--- Record extracts Enclosed Below ---
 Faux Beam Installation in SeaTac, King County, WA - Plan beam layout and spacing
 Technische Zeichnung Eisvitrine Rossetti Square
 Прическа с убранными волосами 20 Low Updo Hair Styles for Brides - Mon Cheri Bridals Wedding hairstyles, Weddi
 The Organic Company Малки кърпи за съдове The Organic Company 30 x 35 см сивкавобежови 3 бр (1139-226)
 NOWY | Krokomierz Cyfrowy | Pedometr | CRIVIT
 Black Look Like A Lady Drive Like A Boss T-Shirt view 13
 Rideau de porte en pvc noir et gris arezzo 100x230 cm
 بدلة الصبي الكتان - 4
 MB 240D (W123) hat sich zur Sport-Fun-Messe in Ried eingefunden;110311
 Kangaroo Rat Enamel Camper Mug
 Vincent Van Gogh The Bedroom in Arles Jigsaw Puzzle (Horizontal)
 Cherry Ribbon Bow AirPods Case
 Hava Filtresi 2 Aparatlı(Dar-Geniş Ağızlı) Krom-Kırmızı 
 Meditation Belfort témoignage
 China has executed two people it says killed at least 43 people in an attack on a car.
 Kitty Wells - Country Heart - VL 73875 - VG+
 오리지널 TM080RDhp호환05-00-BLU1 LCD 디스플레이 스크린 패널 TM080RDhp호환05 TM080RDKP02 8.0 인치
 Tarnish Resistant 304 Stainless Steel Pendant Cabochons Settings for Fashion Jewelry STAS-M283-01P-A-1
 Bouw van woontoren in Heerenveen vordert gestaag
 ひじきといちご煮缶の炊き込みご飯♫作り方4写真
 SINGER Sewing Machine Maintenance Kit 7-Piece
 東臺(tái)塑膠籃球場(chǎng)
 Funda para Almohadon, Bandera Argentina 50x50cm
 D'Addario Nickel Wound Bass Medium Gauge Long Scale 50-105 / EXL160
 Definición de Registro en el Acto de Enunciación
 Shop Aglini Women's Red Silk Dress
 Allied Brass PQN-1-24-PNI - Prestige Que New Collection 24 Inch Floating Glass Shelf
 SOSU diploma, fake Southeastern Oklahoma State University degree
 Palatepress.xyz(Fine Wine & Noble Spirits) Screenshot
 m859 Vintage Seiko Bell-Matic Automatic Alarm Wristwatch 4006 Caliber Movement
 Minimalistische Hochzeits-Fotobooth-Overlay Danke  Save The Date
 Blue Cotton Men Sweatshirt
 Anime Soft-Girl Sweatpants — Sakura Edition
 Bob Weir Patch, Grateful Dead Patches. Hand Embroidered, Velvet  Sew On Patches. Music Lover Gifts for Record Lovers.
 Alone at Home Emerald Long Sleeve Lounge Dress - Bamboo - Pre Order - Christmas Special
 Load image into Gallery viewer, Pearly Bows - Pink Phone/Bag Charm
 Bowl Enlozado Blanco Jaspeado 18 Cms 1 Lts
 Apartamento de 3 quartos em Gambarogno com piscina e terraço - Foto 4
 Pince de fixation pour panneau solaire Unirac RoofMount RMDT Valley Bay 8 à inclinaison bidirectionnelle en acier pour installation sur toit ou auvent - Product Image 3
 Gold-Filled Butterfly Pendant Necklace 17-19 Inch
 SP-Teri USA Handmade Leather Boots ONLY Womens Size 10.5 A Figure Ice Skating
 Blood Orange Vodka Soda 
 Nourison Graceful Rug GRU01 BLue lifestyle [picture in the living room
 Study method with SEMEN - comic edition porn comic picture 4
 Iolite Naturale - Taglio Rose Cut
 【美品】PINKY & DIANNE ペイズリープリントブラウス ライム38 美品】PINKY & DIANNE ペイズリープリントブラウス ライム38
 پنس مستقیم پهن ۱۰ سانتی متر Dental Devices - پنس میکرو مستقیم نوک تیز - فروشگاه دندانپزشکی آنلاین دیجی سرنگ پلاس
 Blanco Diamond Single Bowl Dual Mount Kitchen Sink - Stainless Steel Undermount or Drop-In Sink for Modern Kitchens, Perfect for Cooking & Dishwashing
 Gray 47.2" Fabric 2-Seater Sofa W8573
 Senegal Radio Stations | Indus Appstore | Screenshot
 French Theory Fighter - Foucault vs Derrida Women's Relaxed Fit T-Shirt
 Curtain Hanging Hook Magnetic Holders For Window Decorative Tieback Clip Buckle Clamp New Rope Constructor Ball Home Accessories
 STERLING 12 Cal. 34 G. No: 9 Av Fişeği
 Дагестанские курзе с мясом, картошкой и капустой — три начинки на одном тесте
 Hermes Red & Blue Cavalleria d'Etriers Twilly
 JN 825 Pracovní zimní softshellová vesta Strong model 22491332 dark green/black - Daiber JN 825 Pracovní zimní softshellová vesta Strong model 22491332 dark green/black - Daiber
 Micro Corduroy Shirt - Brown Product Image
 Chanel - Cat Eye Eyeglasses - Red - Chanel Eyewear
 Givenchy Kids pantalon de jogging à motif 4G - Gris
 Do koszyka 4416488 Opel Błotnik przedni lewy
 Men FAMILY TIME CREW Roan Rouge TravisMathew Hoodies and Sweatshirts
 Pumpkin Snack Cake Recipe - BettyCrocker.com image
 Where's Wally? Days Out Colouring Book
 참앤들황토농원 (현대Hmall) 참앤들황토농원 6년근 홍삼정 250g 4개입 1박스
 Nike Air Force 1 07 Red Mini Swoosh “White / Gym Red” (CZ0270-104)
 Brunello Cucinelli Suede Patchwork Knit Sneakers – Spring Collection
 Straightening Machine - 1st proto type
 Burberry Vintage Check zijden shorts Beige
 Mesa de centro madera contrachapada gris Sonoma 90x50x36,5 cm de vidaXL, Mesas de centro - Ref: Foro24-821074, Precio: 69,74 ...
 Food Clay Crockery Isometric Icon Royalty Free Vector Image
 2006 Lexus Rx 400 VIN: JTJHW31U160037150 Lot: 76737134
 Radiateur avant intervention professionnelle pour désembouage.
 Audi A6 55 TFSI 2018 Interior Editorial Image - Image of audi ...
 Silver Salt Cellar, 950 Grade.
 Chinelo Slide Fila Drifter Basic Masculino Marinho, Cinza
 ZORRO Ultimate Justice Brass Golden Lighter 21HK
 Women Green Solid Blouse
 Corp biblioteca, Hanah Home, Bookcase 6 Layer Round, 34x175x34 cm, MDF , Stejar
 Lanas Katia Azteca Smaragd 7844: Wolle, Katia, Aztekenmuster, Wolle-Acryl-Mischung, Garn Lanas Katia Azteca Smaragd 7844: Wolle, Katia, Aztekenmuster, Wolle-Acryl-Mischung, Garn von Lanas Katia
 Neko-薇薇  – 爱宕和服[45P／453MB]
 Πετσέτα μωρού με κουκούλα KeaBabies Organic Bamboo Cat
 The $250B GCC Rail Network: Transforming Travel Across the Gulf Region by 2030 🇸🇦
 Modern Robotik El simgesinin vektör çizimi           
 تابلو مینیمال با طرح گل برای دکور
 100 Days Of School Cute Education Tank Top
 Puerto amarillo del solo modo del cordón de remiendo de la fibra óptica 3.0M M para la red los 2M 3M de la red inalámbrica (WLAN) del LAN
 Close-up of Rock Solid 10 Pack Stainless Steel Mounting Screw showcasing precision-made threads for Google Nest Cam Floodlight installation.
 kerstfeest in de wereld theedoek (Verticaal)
--- End of Enclosed Record extracts ---
All entries must be given again exactly.

**Solution to this exercise**
 Faux Beam Installation in SeaTac, King County, WA - Plan beam layout and spacing
 Technische Zeichnung Eisvitrine Rossetti Square
 Прическа с убранными волосами 20 Low Updo Hair Styles for Brides - Mon Cheri Bridals Wedding hairstyles, Weddi
 The Organic Company Малки кърпи за съдове The Organic Company 30 x 35 см сивкавобежови 3 бр (1139-226)
 NOWY | Krokomierz Cyfrowy | Pedometr | CRIVIT
 Black Look Like A Lady Drive Like A Boss T-Shirt view 13
 Rideau de porte en pvc noir et gris arezzo 100x230 cm
 بدلة الصبي الكتان - 4
 MB 240D (W123) hat sich zur Sport-Fun-Messe in Ried eingefunden;110311
 Kangaroo Rat Enamel Camper Mug
 Vincent Van Gogh The Bedroom in Arles Jigsaw Puzzle (Horizontal)
 Cherry Ribbon Bow AirPods Case
 Hava Filtresi 2 Aparatlı(Dar-Geniş Ağızlı) Krom-Kırmızı 
 Meditation Belfort témoignage
 China has executed two people it says killed at least 43 people in an attack on a car.
 Kitty Wells - Country Heart - VL 73875 - VG+
 오리지널 TM080RDhp호환05-00-BLU1 LCD 디스플레이 스크린 패널 TM080RDhp호환05 TM080RDKP02 8.0 인치
 Tarnish Resistant 304 Stainless Steel Pendant Cabochons Settings for Fashion Jewelry STAS-M283-01P-A-1
 Bouw van woontoren in Heerenveen vordert gestaag
 ひじきといちご煮缶の炊き込みご飯♫作り方4写真
 SINGER Sewing Machine Maintenance Kit 7-Piece
 東臺(tái)塑膠籃球場(chǎng)
 Funda para Almohadon, Bandera Argentina 50x50cm
 D'Addario Nickel Wound Bass Medium Gauge Long Scale 50-105 / EXL160
 Definición de Registro en el Acto de Enunciación
 Shop Aglini Women's Red Silk Dress
 Allied Brass PQN-1-24-PNI - Prestige Que New Collection 24 Inch Floating Glass Shelf
 SOSU diploma, fake Southeastern Oklahoma State University degree
 Palatepress.xyz(Fine Wine & Noble Spirits) Screenshot
 m859 Vintage Seiko Bell-Matic Automatic Alarm Wristwatch 4006 Caliber Movement
 Minimalistische Hochzeits-Fotobooth-Overlay Danke  Save The Date
 Blue Cotton Men Sweatshirt
 Anime Soft-Girl Sweatpants — Sakura Edition
 Bob Weir Patch, Grateful Dead Patches. Hand Embroidered, Velvet  Sew On Patches. Music Lover Gifts for Record Lovers.
 Alone at Home Emerald Long Sleeve Lounge Dress - Bamboo - Pre Order - Christmas Special
 Load image into Gallery viewer, Pearly Bows - Pink Phone/Bag Charm
 Bowl Enlozado Blanco Jaspeado 18 Cms 1 Lts
 Apartamento de 3 quartos em Gambarogno com piscina e terraço - Foto 4
 Pince de fixation pour panneau solaire Unirac RoofMount RMDT Valley Bay 8 à inclinaison bidirectionnelle en acier pour installation sur toit ou auvent - Product Image 3
 Gold-Filled Butterfly Pendant Necklace 17-19 Inch
 SP-Teri USA Handmade Leather Boots ONLY Womens Size 10.5 A Figure Ice Skating
 Blood Orange Vodka Soda 
 Nourison Graceful Rug GRU01 BLue lifestyle [picture in the living room
 Study method with SEMEN - comic edition porn comic picture 4
 Iolite Naturale - Taglio Rose Cut
 【美品】PINKY & DIANNE ペイズリープリントブラウス ライム38 美品】PINKY & DIANNE ペイズリープリントブラウス ライム38
 پنس مستقیم پهن ۱۰ سانتی متر Dental Devices - پنس میکرو مستقیم نوک تیز - فروشگاه دندانپزشکی آنلاین دیجی سرنگ پلاس
 Blanco Diamond Single Bowl Dual Mount Kitchen Sink - Stainless Steel Undermount or Drop-In Sink for Modern Kitchens, Perfect for Cooking & Dishwashing
 Gray 47.2" Fabric 2-Seater Sofa W8573
 Senegal Radio Stations | Indus Appstore | Screenshot
 French Theory Fighter - Foucault vs Derrida Women's Relaxed Fit T-Shirt
 Curtain Hanging Hook Magnetic Holders For Window Decorative Tieback Clip Buckle Clamp New Rope Constructor Ball Home Accessories
 STERLING 12 Cal. 34 G. No: 9 Av Fişeği
 Дагестанские курзе с мясом, картошкой и капустой — три начинки на одном тесте
 Hermes Red & Blue Cavalleria d'Etriers Twilly
 JN 825 Pracovní zimní softshellová vesta Strong model 22491332 dark green/black - Daiber JN 825 Pracovní zimní softshellová vesta Strong model 22491332 dark green/black - Daiber
 Micro Corduroy Shirt - Brown Product Image
 Chanel - Cat Eye Eyeglasses - Red - Chanel Eyewear
 Givenchy Kids pantalon de jogging à motif 4G - Gris
 Do koszyka 4416488 Opel Błotnik przedni lewy
 Men FAMILY TIME CREW Roan Rouge TravisMathew Hoodies and Sweatshirts
 Pumpkin Snack Cake Recipe - BettyCrocker.com image
 Where's Wally? Days Out Colouring Book
 참앤들황토농원 (현대Hmall) 참앤들황토농원 6년근 홍삼정 250g 4개입 1박스
 Nike Air Force 1 07 Red Mini Swoosh “White / Gym Red” (CZ0270-104)
 Brunello Cucinelli Suede Patchwork Knit Sneakers – Spring Collection
 Straightening Machine - 1st proto type
 Burberry Vintage Check zijden shorts Beige
 Mesa de centro madera contrachapada gris Sonoma 90x50x36,5 cm de vidaXL, Mesas de centro - Ref: Foro24-821074, Precio: 69,74 ...
 Food Clay Crockery Isometric Icon Royalty Free Vector Image
 2006 Lexus Rx 400 VIN: JTJHW31U160037150 Lot: 76737134
 Radiateur avant intervention professionnelle pour désembouage.
 Audi A6 55 TFSI 2018 Interior Editorial Image - Image of audi ...
 Silver Salt Cellar, 950 Grade.
 Chinelo Slide Fila Drifter Basic Masculino Marinho, Cinza
 ZORRO Ultimate Justice Brass Golden Lighter 21HK
 Women Green Solid Blouse
 Corp biblioteca, Hanah Home, Bookcase 6 Layer Round, 34x175x34 cm, MDF , Stejar
 Lanas Katia Azteca Smaragd 7844: Wolle, Katia, Aztekenmuster, Wolle-Acryl-Mischung, Garn Lanas Katia Azteca Smaragd 7844: Wolle, Katia, Aztekenmuster, Wolle-Acryl-Mischung, Garn von Lanas Katia
 Neko-薇薇  – 爱宕和服[45P／453MB]
 Πετσέτα μωρού με κουκούλα KeaBabies Organic Bamboo Cat
 The $250B GCC Rail Network: Transforming Travel Across the Gulf Region by 2030 🇸🇦
 Modern Robotik El simgesinin vektör çizimi           
 تابلو مینیمال با طرح گل برای دکور
 100 Days Of School Cute Education Tank Top
 Puerto amarillo del solo modo del cordón de remiendo de la fibra óptica 3.0M M para la red los 2M 3M de la red inalámbrica (WLAN) del LAN
 Close-up of Rock Solid 10 Pack Stainless Steel Mounting Screw showcasing precision-made threads for Google Nest Cam Floodlight installation.
 kerstfeest in de wereld theedoek (Verticaal)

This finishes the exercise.